The latest funding will is earmarked for upgrades to key systems that provide access to existing digital content, improving online service delivery and enhancing access to information about archives.
The upgrades are designed to give the state’s historical records an unprecedented degree of online availability so that people in regional areas are spared the costly journey of travel between Sydney and other locations to view documents.
Easier access to records will come as a relief to many local governments in the state’s regions which often cannot afford to physically delve through archival facilities like the Western Sydney Records Centre in Kingswood – which houses a whopping 600 linear kilometres of records and archives.
Minister for Finance and Services, Dominic Perrottet said the state’s archives were not only the cornerstone of open and accountable government, “but they also protect citizens’ rights and document the history of the diverse and evolving community of NSW”.

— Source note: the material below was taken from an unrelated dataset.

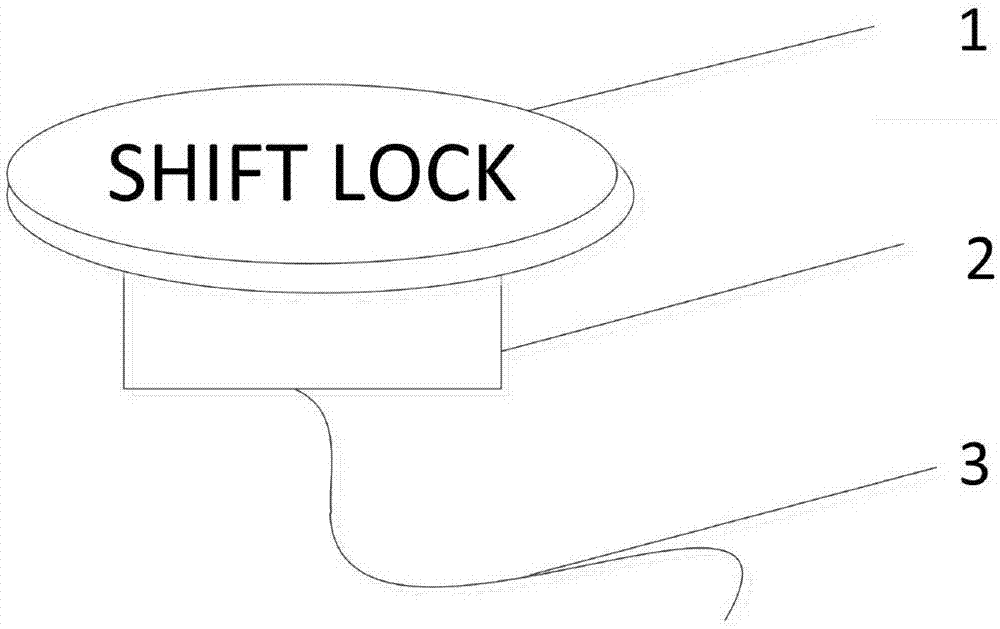 Gear locking control method for automobile automatic transmission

“We don’t want records to just be preserved and then filed away, we want to bring them to life and make them accessible,” Mr Perrottet said.

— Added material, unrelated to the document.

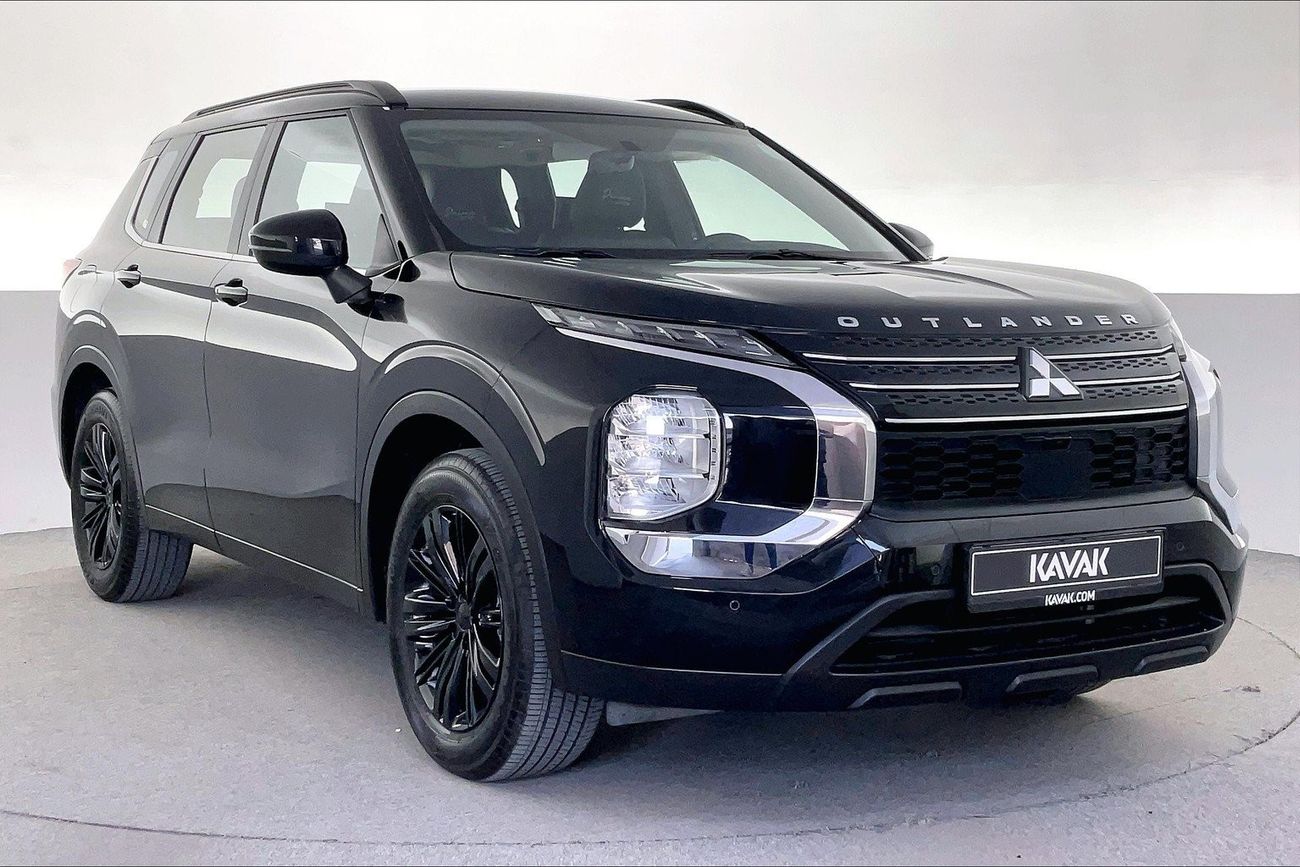 Mitsubishi Outlander Prime Edition | Guaranteed Warranty | 0 Down Payment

A big part of the government’s four year funding allocation is the expansion of the Digital State project which converts the state’s so-called ‘born digital’ government records to permanent digital archives.

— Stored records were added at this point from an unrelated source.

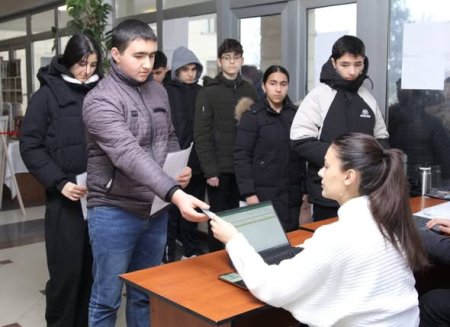 Respublika fənn olimpiadalarının rayon (şəhər) mərhələsinə start verilib 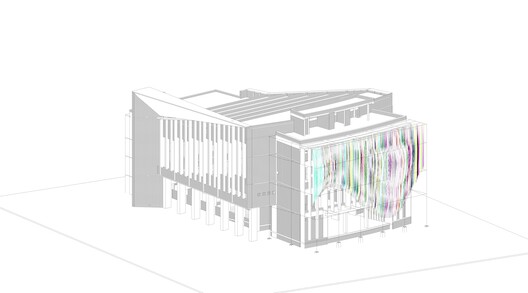 Ain Shams University Campus Main Theater / El-Maghraby Design House + Prof. Dr. Gamal El-Kholy - Image 30 of 44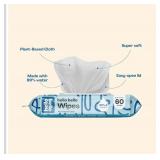 FACTORY SEALED - Hello Bello Fragrance Free Plant-Based Baby Wipes, Dermatologist Tested & Hypoallergenic 60ct (2 Packs Included) FACTORY SEALED - Hello Bello Fragrance Free Plant-Based Baby Wipes, Dermatologist Tested & Hypoallergenic 60ct (2 Packs Included)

The move by Baird government mirror’s the federal government’s own existing requirements that compel federal agencies implement and practice digital record keeping as part of the Digital Transition Policy.
This federal policy means that all agencies under that jurisdiction will be required to create, store and digitally manage the majority of their records and also scan incoming paper records so that new paper files are not created.
The federal government has set the year 2015 as its deadline for all newly created records to be digital as from that point onward, the National Archives of Australia will accept documents in digital formats only.